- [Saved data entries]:
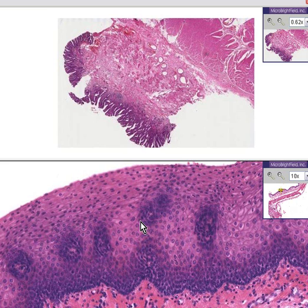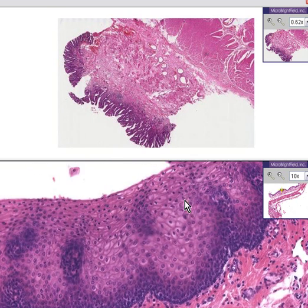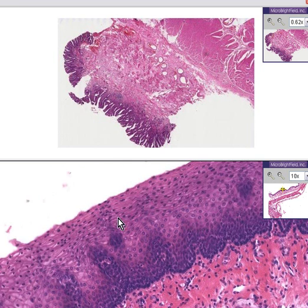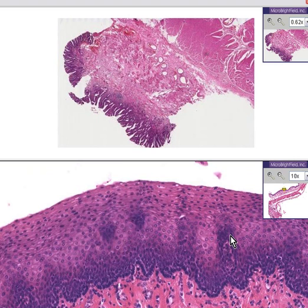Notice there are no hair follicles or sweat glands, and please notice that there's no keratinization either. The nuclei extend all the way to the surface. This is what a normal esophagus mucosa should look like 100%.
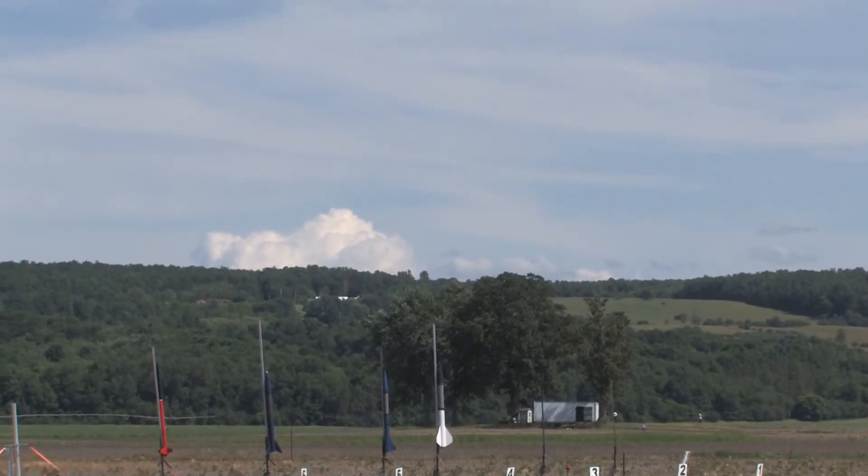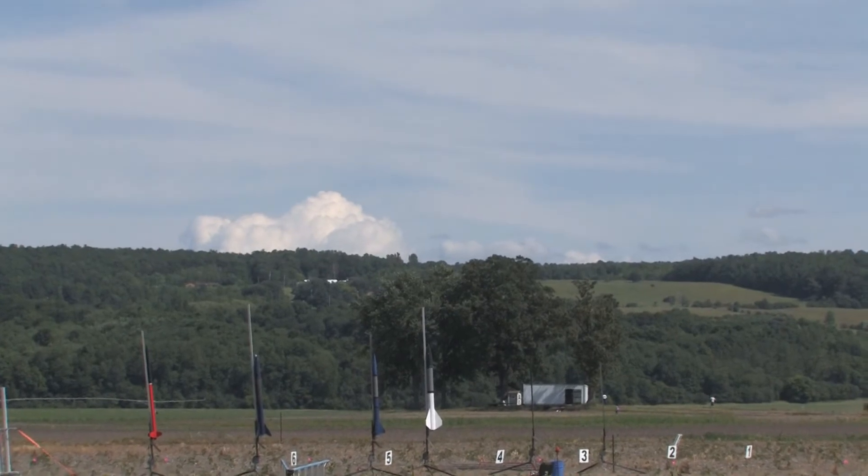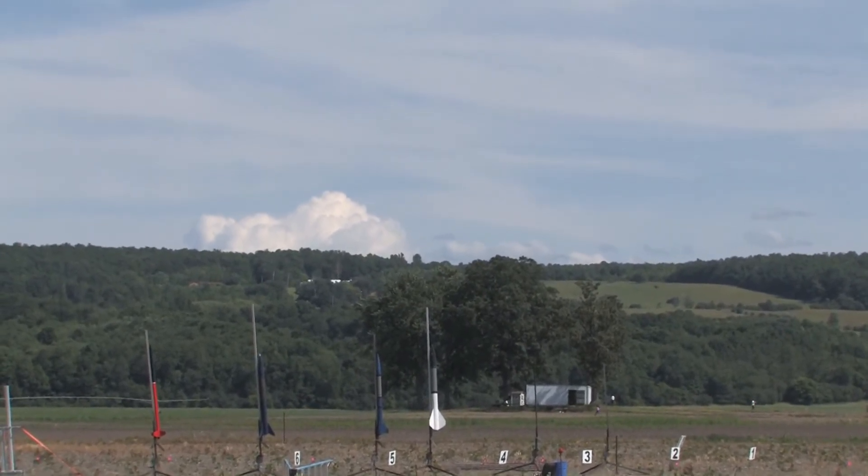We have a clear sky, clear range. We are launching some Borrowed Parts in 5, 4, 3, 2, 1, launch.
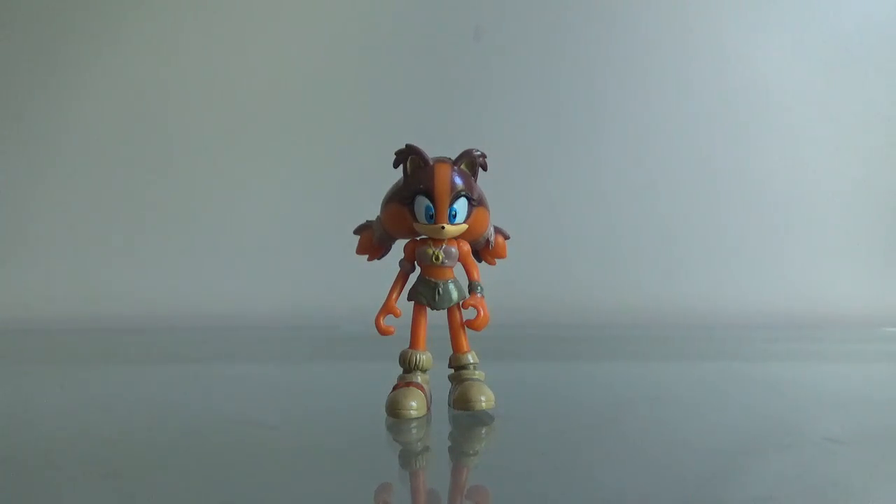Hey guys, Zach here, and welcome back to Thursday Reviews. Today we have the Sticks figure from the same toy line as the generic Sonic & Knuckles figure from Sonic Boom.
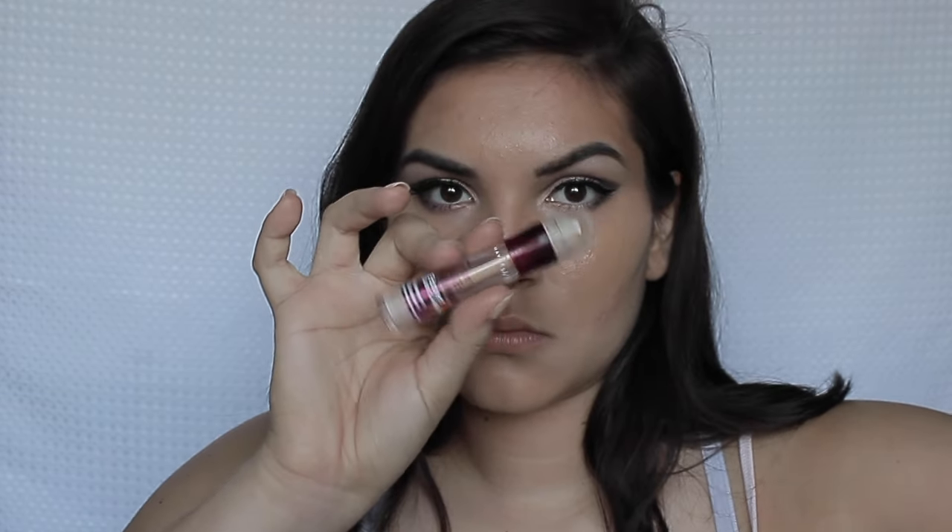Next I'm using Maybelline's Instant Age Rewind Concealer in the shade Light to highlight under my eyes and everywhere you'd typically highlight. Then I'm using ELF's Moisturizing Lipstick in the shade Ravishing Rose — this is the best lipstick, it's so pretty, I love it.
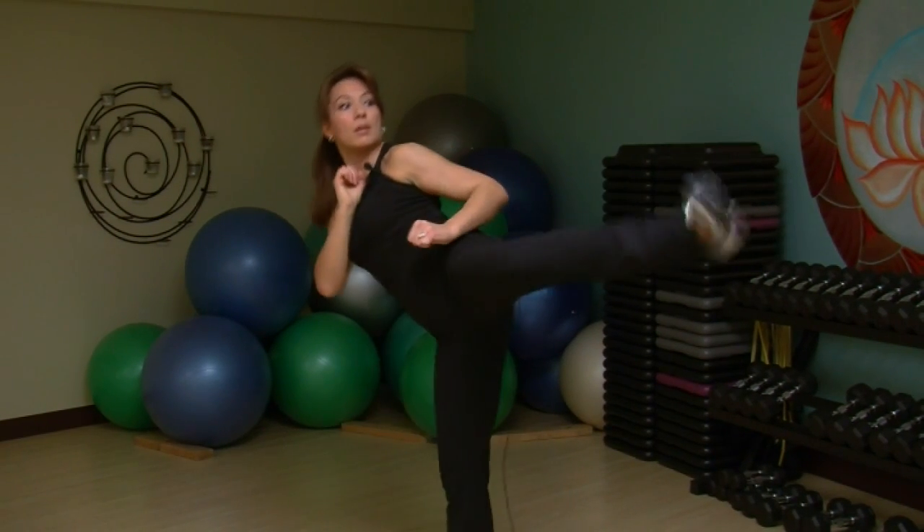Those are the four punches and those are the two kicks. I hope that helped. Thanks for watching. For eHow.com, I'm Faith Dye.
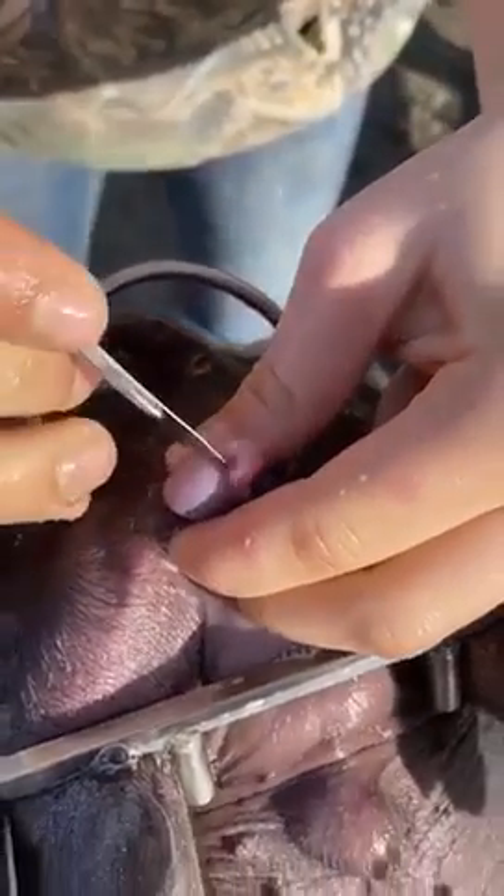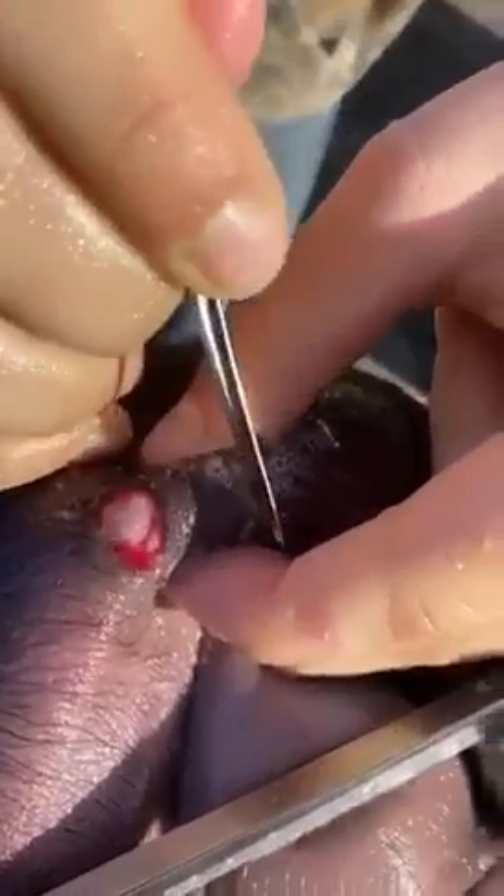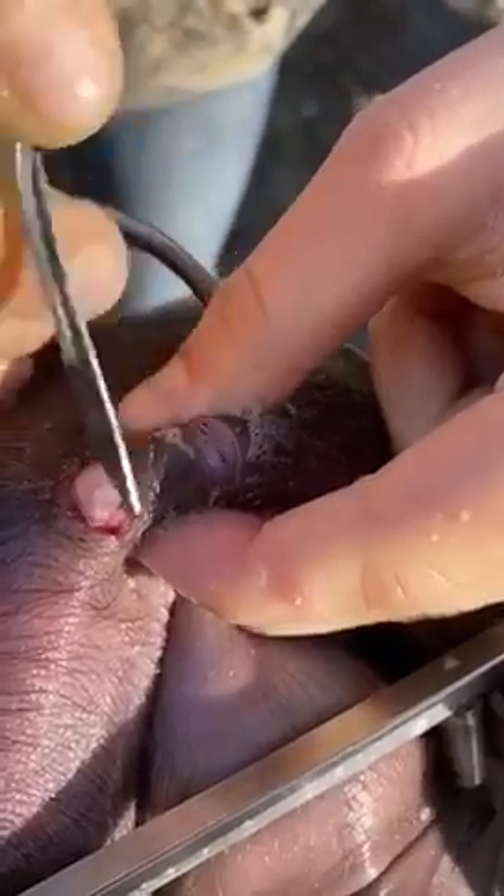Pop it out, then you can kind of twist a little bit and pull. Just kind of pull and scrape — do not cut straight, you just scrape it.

- [Exercise]:
Now write out the data word for word, skipping every picture in it.

- [Expected answer]:
Notice there are no hair follicles or sweat glands, and please notice that there's no keratinization either. The nuclei extend all the way to the surface. This is what a normal esophagus mucosa should look like 100%.
We have a clear sky, clear range. We are launching some Borrowed Parts in 5, 4, 3, 2, 1, launch.
Hey guys, Zach here, and welcome back to Thursday Reviews. Today we have the Sticks figure from the same toy line as the generic Sonic & Knuckles figure from Sonic Boom.
Next I'm using Maybelline's Instant Age Rewind Concealer in the shade Light to highlight under my eyes and everywhere you'd typically highlight. Then I'm using ELF's Moisturizing Lipstick in the shade Ravishing Rose — this is the best lipstick, it's so pretty, I love it.
Those are the four punches and those are the two kicks. I hope that helped. Thanks for watching. For eHow.com, I'm Faith Dye.
Pop it out, then you can kind of twist a little bit and pull. Just kind of pull and scrape — do not cut straight, you just scrape it.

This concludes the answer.